Word for word, transcribe every line from the one holding "Hello everyone, I'm" through the end of the records, but not the pictures.

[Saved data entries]
- - - -
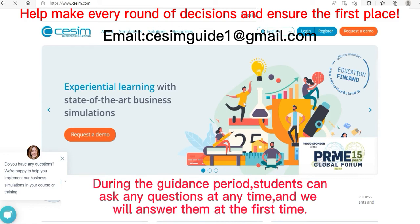Okay, everyone. I'm the instructor of CSUM. I'll explain to you an operation process and some instructions of the GC subsystem.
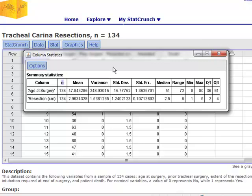Now in the next column, what you have stands for standard error. The standard error will come into play when we do inference, but for the time being we're not going to discuss this quantity.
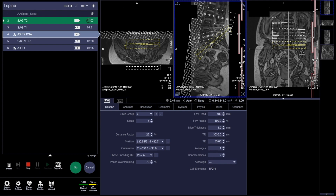The sagittal T2 is still scanning. Now that we have our axials plotted, we're waiting for the sagittal to complete so we can confirm the angles of these axials, confirm it quickly, and then start it up again.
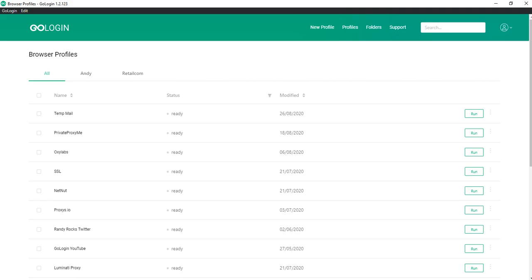Hello everyone, I'm Atom from GoLogin and today I would like to present you our new feature Group operations with profiles.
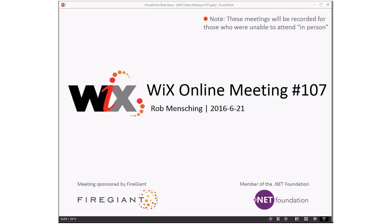Good morning, good afternoon, good evening. This is the WiX online meeting number 107, getting towards the end of June. In fact, this is our last meeting of June. We all know what happens next month, but we'll cover that in a minute. As always, these meetings are recorded for those unable to be with us right now.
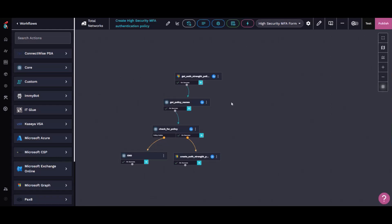I've configured this because I have 40-plus tenants that are going to need this, and obviously I don't want to log into each one. What we do is we get the existing authentication strengths to see if we've already done this before. From there, we take that collection and get those individual names.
- - - -
== SOLUTION BELOW ==
Hello everyone, I'm Atom from GoLogin and today I would like to present you our new feature Group operations with profiles.
Good morning, good afternoon, good evening. This is the WiX online meeting number 107, getting towards the end of June. In fact, this is our last meeting of June. We all know what happens next month, but we'll cover that in a minute. As always, these meetings are recorded for those unable to be with us right now.
I've configured this because I have 40-plus tenants that are going to need this, and obviously I don't want to log into each one. What we do is we get the existing authentication strengths to see if we've already done this before. From there, we take that collection and get those individual names.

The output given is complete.